I have been a photographer for over 40 years, in so much as I have attempted to make more than snapshots with, at that time, a Kodak Instamatic. I had been doing that for a few years before I started to get more serious with photography. Right from the beginning of my interest with photography though it was with the whole processes, exposing the film in the camera, then developing the (Black and White initially) negative, and taking that negative in to the darkroom and turning it into a print. I was about ten years old when I started, and seeing that first print appear on the paper in the dev tray under the red safelight is till with me now I am in my 50's. I eventually moved on and got to the point where I was developing my own E6 process slide film, and printing from them onto Cibachrome paper, some of the most vibrant colour prints you could get back then. Although I really only stuck with a bit of basic dodging and burning during my printmaking, I still took the time to learn about all of the other rather specialist techniques that you could carry out in the darkroom in producing some rather special results, that were pretty far from standard photography. Of course I still also took snap shots at certain events, and I defy anyone to deny that they don't still do this even today. In those instances I would often drop the roll of film that the 1hr process place on the high street, and quickly have a set of prints to share with friends.

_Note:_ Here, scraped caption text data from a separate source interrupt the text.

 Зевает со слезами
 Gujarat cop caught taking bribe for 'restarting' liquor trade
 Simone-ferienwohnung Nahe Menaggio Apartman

Even so back then there were a number of photographers, seen in the letters pages to the photography magazines, since this was pre the WWW, that disparaged anyone who went in to the darkroom and actually worked on their prints to get the optimum results. Get it right in the camera they would say, and "standard" development and printing is all you need, that is real photography. I was never involved in the club scene then, nor now, but I'm sure that the general consensus was that along with the choice of film stock, the exposure was just the start of the photographic process, for those who actually wanted to produce a high standard of work.
Now I still consider that the exposure, and the choices we make when we expose the sensor to light, are only the start of the photographic process, but instead of the developing tank, and enlarger our tools are the RAW processor, and the pixel editing programs that we now use. I also think that the best exposure is one that will give us the optimum starting point for processing the image we had in mind when we pressed the shutter button. It might even be that what we see is actually beyond "photography" and is more about art. I have a classic example of what I mean. I made an exposure of a subject while visiting the RAF Museum in Hendon North London. This is a version that was simply processed in the RAW converter, ready to send to PS It's not really much of a picture.

IMAGE LINK: https://flic.kr/p/f9bEmd
Fokker DVII, Sopwith F1 Camel
by
Alan Evans
, on Flickr
This is the image that was in my head when I took the photo. There was no way that this was coming straight out of the camera.
IMAGE LINK: https://flic.kr/p/qg7yFU
Fokker DVII, Sopwith F1 Camel
by
Alan Evans
, on Flickr
OK so initially I had intended that it would remain as a "photo" but with a sky inserted in to the image, and all the clutter removed. But that didn't work quite as well as I would have liked, so I went further and got this final result that I really like. Printed on watercolour paper at 12×8 it looks really great. I don't care if you call it photography, or digital art. It allowed me to present my vision to others, which is what the visual arts should be all about.